L’avenir d’Angela Merkel s’assombrit

L’avenir d’Angela Merkel s’assombrit

La Chancelière allemande traverse une période délicate qui pourrait bien être le préambule à une chute espérée par beaucoup sur la scène politique allemande. Angela Merkel est affaiblie sur deux plans : physique et politique. La cheffe du gouvernement allemand a connu une troisième crise de tremblements en l’espace de trois semaines. Une faiblesse physique apparente qui ne peut que finir par renforcer la pression politique à laquelle elle fait face et qui va s’intensifier tout au long de l’été.
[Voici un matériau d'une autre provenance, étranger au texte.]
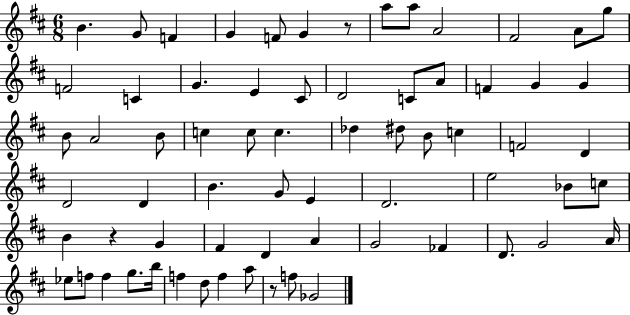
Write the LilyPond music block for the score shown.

{
  \clef treble
  \numericTimeSignature
  \time 6/8
  \key d \major
  b'4. g'8 f'4 | g'4 f'8 g'4 r8 | a''8 a''8 a'2 | fis'2 a'8 g''8 | \break f'2 c'4 | g'4. e'4 cis'8 | d'2 c'8 a'8 | f'4 g'4 g'4 | \break b'8 a'2 b'8 | c''4 c''8 c''4. | des''4 dis''8 b'8 c''4 | f'2 d'4 | \break d'2 d'4 | b'4. g'8 e'4 | d'2. | e''2 bes'8 c''8 | \break b'4 r4 g'4 | fis'4 d'4 a'4 | g'2 fes'4 | d'8. g'2 a'16 | \break ees''8 f''8 f''4 g''8. b''16 | f''4 d''8 f''4 a''8 | r8 f''8 ges'2 | \bar "|."
}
Ce mercredi 10 juillet, Angela Merkel a une nouvelle fois été filmée en pleine crise de tremblements. C’est la troisième fois en trois semaines que la Chancelière allemande est sujette à un tel épisode. L’inquiétude commence à s’installer en Allemagne malgré les déclarations rassurantes de la première concernée. « Je vais bien » a déclaré la Chancelière qui a pris soin de rappeler que sa bonne santé et sa préservation étaient de la plus haute importance pour elle-même. Une logique qui ne peut toutefois pas entièrement rassurer des électeurs allemands habitués à voir une cheffe du Gouvernement tenant solidement les rênes du pouvoir.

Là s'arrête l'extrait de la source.